David Dortort (1916-2010)
September 9, 2010
The Los Angeles Times and the New York Times have quite properly noted the passing of David Dortort, a relatively minor fifties screenwriter who struck gold when he created the aptly-titled Bonanza in 1959. Dortort died on September 5 at the age of 93.
Bonanza was a vastly popular hit of a kind that’s hard to fathom today. It was probably the original “flyover show,” that is, a show that scores in the ratings and runs forever without ever earning the approval, or even the attention, of the cognoscenti. The modern equivalent would be something like NCIS or According to Jim: series that win no awards and get mocked by the press but that obviously work as comfort food for a lot of people.

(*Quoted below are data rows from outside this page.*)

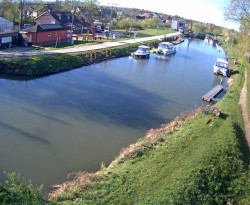 Plavební komora Petrov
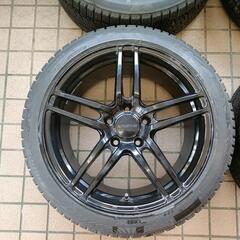 最終値下げ！ブリヂストンFORGED【プロドライブGC-05K】PCD120シビックタイプRの画像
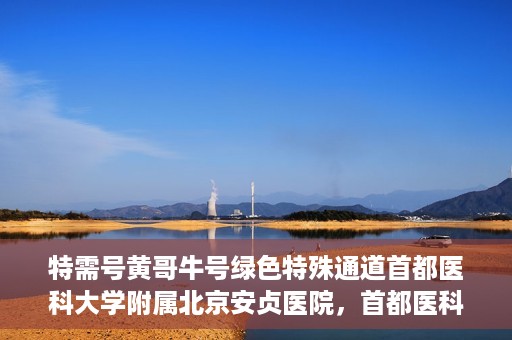 特需号黄哥牛号绿色特殊通道首都医科大学附属北京安贞医院，首都医科大学附属北京安贞医院特需绿色特殊通道——黄哥牛号专区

I remain largely averse to Bonanza. I haven’t seen all that much of it, but the episodes I recall were banal in their storytelling and persistently flat and cheap-looking in their imagery. (Which is ironic, and unfortunate, given that Bonanza was the first really important series to originate in color.) The show got an official DVD release last year and I don’t think it provoked the same excitement of rediscovery that accompanied the digital debuts of Gunsmoke or Have Gun – Will Travel (several years ahead of Bonanza, incidentally, despite being in black and white and thus a harder sell).
Bonanza seemed to get lazy not too long after its longevity was assured. One of the key stories I’ve found about the show is in Ricardo Montalban’s interview with the Archive of American Television. When Montalban guested on Bonanza, he was appalled by the stars’ clowning around and their refusal to participate in a serious rehearsal. Montalban rounded up the actors and reamed them out for their unprofessionalism. I don’t know if Montalban’s experience was typical, but it jibes with the aspect of Bonanza that I find unpleasant. The on-screen adventures of Hoss and Adam and Little Joe are also exude a certain tiresome, adolescent self-regard, and if Montalban’s description was accurate, that tone may have originated with the cast.
I did try to interview Dortort for my oral history project, but between my tight schedules and his unreliable health we were never able to get together. I got as far as compiling a file of pre-interview research, most of which has been covered in the obits for Dortort. But I did learn a couple of obscure things that might be worth reporting here. One is that NBC hired Dortort to head its feature film division in the late sixties. That was a moment when the other television networks entered the theatrical distribution world with some brief success – ABC released Take the Money and Run and They Shoot Horses, Don’t They, CBS The Reivers and Scrooge – but for NBC and Dortort the venture was apparently a bust.
The other thing that interested me about Dortort was his inclination to discuss his creation in intellectual terms. In one interview, he cited Marshall McLuhan and called Bonanza the “conscience of the middle class.” Not many TV pioneers of Dortort’s generation (especially in the taciturn genre of the western) are willing to entertain such hifalutin notions of the impact of their work. I would have enjoyed questioning Dortort further about his theories on why Bonanza connected so successfully with such a wide audience – especially since its appear remains something of a mystery to me.
For further reference: The Archive of American Television has a thorough video interview with David Dortort, and there are good websites devoted to Bonanza and Dortort’s follow-up, The High Chaparral.